Cancún, Mexico — The Business Coordinating Council of the Caribbean (CCE) has raised concerns over Quintana Roo’s declining economic performance, attributing the downturn to three key factors impacting tourism this year. Javier Carlos Olvera Silveira, president of the CCE, cited the depreciation of the U.S. dollar, reduced airline seat capacity, and large-scale sargassum arrivals as the primary challenges affecting the region’s economy.
Economic Pressures Demand Stronger Marketing Efforts
Olvera Silveira emphasized the need for intensified promotional campaigns to counteract the drop in visitor numbers. “We have received reports on the state’s economic performance, and tourism has not had an encouraging year,” he stated, according to Sipse. “The exchange rate no longer favors us, as the dollar has depreciated again. This, combined with fewer available flights—which makes the destination more expensive for domestic travelers—and massive sargassum influxes, creates a highly complex situation.”
Meanwhile, the Employers’ Confederation of the Mexican Republic (Coparmex), Cancún chapter, warned of a nationwide economic slowdown, with Quintana Roo particularly vulnerable due to its heavy reliance on tourism.
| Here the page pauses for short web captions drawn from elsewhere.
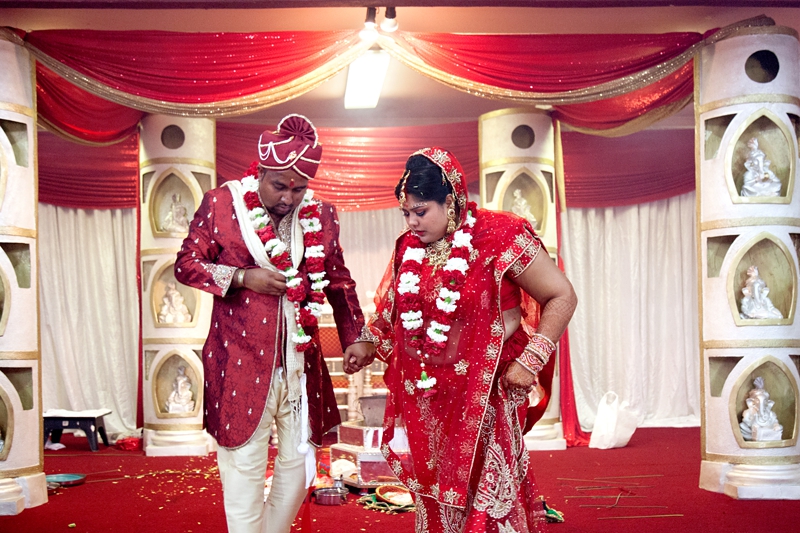 Bride and groom during Hindu ceremony at Shree Radhe Shyam Mandir.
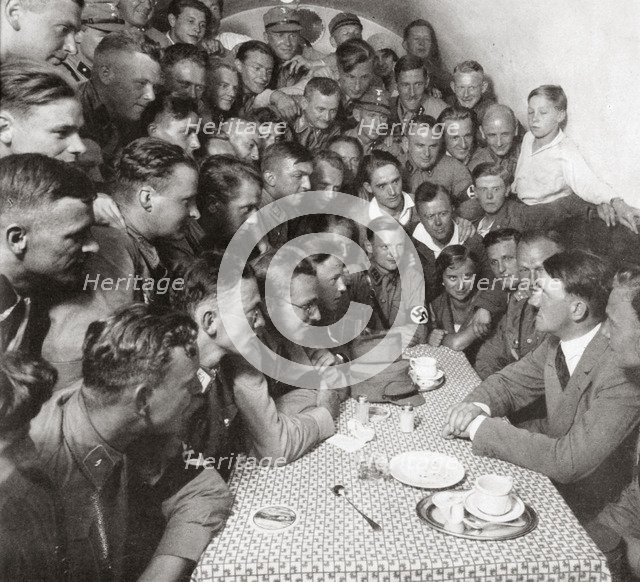 'The supreme SA leader Adolf Hitler with his comrades', 1938. Artist: Unknown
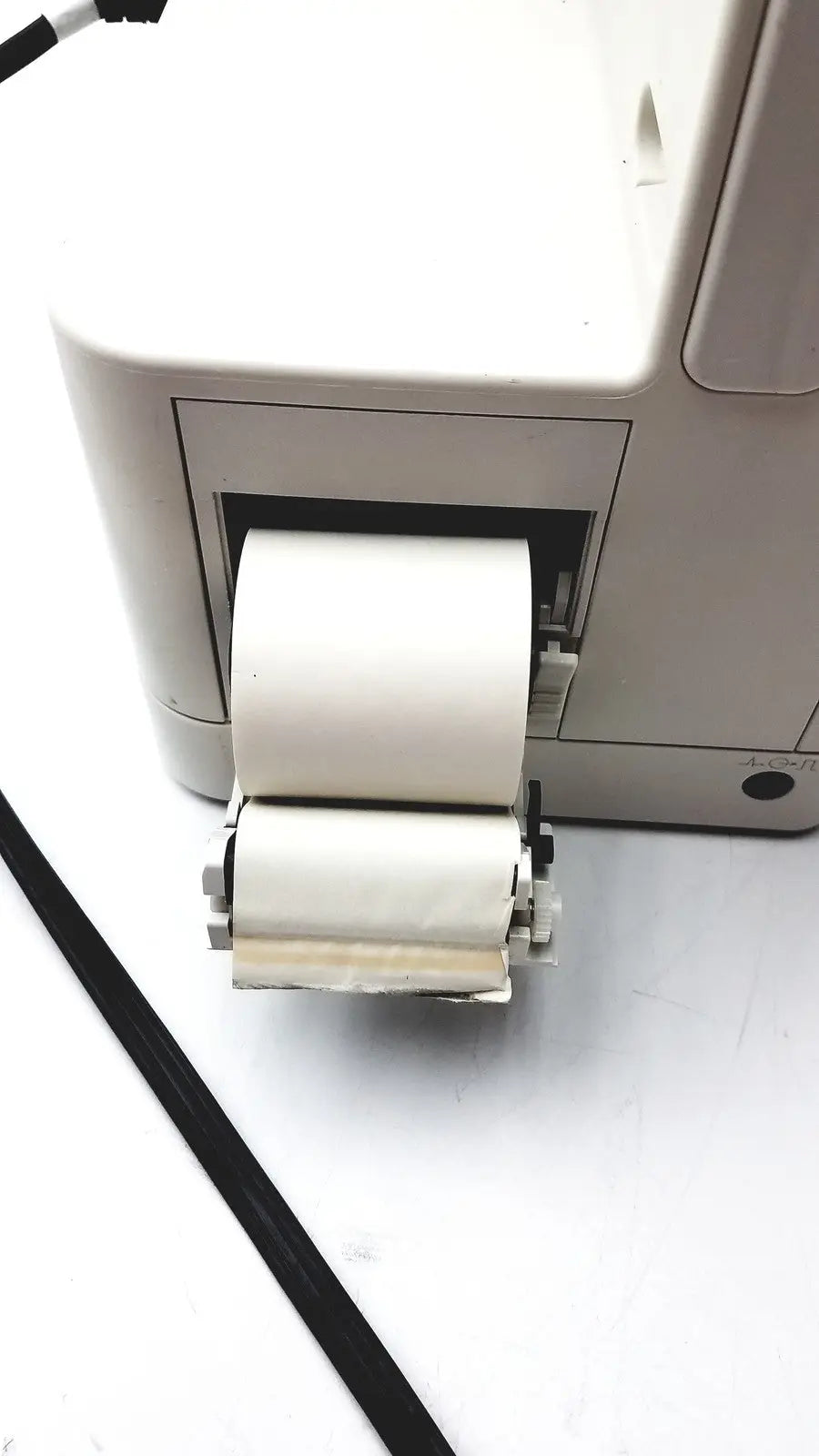 A white paper roll emerging from the printer output tray of a Philips IntelliVue MX400 patient monitor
As previously reported by REPORTUR.mx, Coparmex identified risks stemming from U.S. President Donald Trump’s trade policies, which could further reduce domestic tourism to Quintana Roo, where 80% of the economy depends on the sector.
Coparmex Highlights Risks to Quintana Roo’s Stability
María Jovita Portillo Navarro, president of Coparmex, underscored the urgency of addressing economic stagnation. “The recent alert issued by Coparmex regarding Mexico’s economic stagnation has profound and urgent implications for Quintana Roo,” she said. “As a state where tourism drives over 80% of the economy, any decline in domestic consumption, investment, or legal uncertainty directly threatens its primary engine of growth.”
Criticism has also mounted against the Quintana Roo Tourism Promotion Council (CPTQ), led by Andrés Martínez Reynoso, with industry representatives and associations calling for improved marketing strategies to revive the sector.
Visitor Complaints Reflect Broader Challenges
User comments on the article highlighted additional frustrations, such as hotels charging inflated exchange rates for dollar-denominated bookings and declining service quality at high-priced resorts. One commenter noted, “Hotels are still pricing in dollars and converting at 22 pesos per dollar—this is exploitative, just like the taxi fares. Naturally, travelers cancel these reservations.” Another criticized the declining standards at Cancún’s all-inclusive hotels, stating, “Nine out of ten reviews for these overpriced hotels are negative. The lack of accountability is staggering.”
The article underscores growing concerns over Quintana Roo’s ability to compete with emerging destinations like the Dominican Republic, which have capitalized on strategic planning and investment.